The conclusion reached was that QbD was a critical necessity for the effective cryogenic transportation of regenerative therapy materials.Using static validation studies alone was insufficient in managing risk, as the most thoroughly qualified dry vapor liquid nitrogen shipper could lose 70 percent of ts validated hold time due to in-transit handling. Using data captured dynamically by means of real-time GPS, cellular and Wi-Fi condition monitoring systems, one can develop algorithms that can dynamically adjust and predict the hold time of a dry vapor liquid nitrogen shipper while it is en route and more effectively manage the risk to the commodity.This enables the user to understand the in-field remaining hold time of a dry vapor liquid nitrogen shipper in hours, not days, and develop risk mitigation and intervention procedures to prevent product loss before it occurs.

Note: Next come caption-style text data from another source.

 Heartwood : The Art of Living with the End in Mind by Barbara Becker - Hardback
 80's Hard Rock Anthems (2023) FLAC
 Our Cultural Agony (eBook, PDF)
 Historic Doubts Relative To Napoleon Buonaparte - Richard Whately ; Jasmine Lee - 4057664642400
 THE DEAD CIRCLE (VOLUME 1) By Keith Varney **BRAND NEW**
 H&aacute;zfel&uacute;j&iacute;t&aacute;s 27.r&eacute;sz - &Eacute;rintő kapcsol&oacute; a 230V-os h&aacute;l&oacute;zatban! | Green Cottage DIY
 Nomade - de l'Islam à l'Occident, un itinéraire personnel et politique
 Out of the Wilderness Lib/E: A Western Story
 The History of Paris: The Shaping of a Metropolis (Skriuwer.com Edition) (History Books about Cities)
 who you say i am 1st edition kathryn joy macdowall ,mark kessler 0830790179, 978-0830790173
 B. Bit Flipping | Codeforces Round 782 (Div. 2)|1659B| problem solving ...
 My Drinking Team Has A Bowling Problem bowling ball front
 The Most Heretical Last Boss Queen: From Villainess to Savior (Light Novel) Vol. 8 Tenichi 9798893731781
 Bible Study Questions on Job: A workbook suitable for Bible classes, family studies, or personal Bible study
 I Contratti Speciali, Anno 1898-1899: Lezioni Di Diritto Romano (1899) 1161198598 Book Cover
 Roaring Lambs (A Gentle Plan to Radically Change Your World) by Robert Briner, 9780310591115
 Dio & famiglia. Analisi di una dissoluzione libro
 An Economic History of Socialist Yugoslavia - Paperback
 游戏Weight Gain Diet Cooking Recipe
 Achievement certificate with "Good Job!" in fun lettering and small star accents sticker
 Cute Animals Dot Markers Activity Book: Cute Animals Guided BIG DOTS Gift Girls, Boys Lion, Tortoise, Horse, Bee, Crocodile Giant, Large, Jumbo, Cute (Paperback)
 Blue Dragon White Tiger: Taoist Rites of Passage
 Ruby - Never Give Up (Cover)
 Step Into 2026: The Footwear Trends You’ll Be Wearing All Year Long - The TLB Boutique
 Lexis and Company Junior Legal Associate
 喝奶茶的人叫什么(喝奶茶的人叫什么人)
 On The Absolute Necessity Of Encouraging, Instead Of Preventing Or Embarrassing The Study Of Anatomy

Automating the risk management process through effective use of QbD using real-time informatics is a critical consideration when contemplating support of a commercial product in the field of regenerative medicine. Informatics to capture, interpret and predict, as well as to provide automated alerts and pre-defined escalation protocols based on the nature of the data captured for hundreds if not thousands of concurrent shipments will be critical in the effective launch of these therapies. QbD processes provide the foundation enabling such an approach to be effective.
The QbD process can be extrapolated beyond the cryogenic transportation space. If we are to look at temperature ranges such as 2-8°C, one can envision augmenting a summer/winter validation protocol with dynamic remaining hold time calculations that account for factors such as external temperature,humidity and atmospheric pressure to create algorithms that have the capability to track remaining hold time of vacuum paneled shippers to a matter of a few hours and significantly minimize or even eliminate temperature excursions as acceptable risk factors in the process.
This acceptable variance in temperature range is much tighter in the 2-8°C space than the cryogenic space (only 6 degrees versus the large range, -150°C and below). Therefore, the ability to monitor and control temperature excursions is just as or perhaps even more critical.